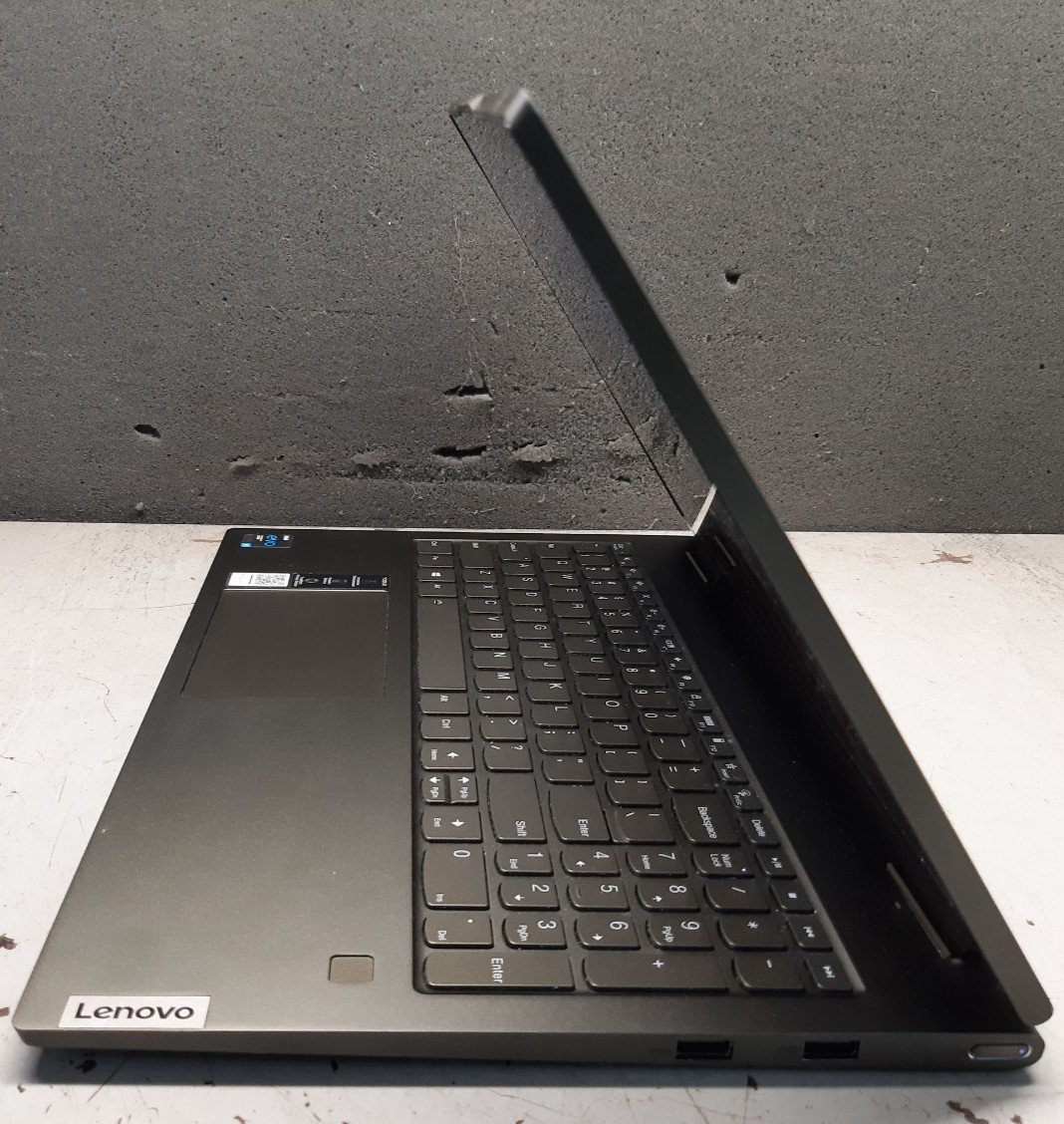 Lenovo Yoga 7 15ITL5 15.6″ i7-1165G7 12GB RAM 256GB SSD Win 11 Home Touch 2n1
==
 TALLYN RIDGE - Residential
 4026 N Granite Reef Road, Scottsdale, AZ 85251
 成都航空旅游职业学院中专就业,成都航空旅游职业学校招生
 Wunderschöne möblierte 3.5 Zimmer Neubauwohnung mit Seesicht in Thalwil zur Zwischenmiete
* * *
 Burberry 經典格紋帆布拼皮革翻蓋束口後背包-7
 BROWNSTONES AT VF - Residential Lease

§ Exercise objective: Quote the data above from the line containing "成都航空旅游职业学院中专就业,成都航空旅游职业学校招生" to the line containing "Wunderschöne möblierte 3.5", inclusive, and stop.

§ Solved exercise:
 成都航空旅游职业学院中专就业,成都航空旅游职业学校招生
 Wunderschöne möblierte 3.5 Zimmer Neubauwohnung mit Seesicht in Thalwil zur Zwischenmiete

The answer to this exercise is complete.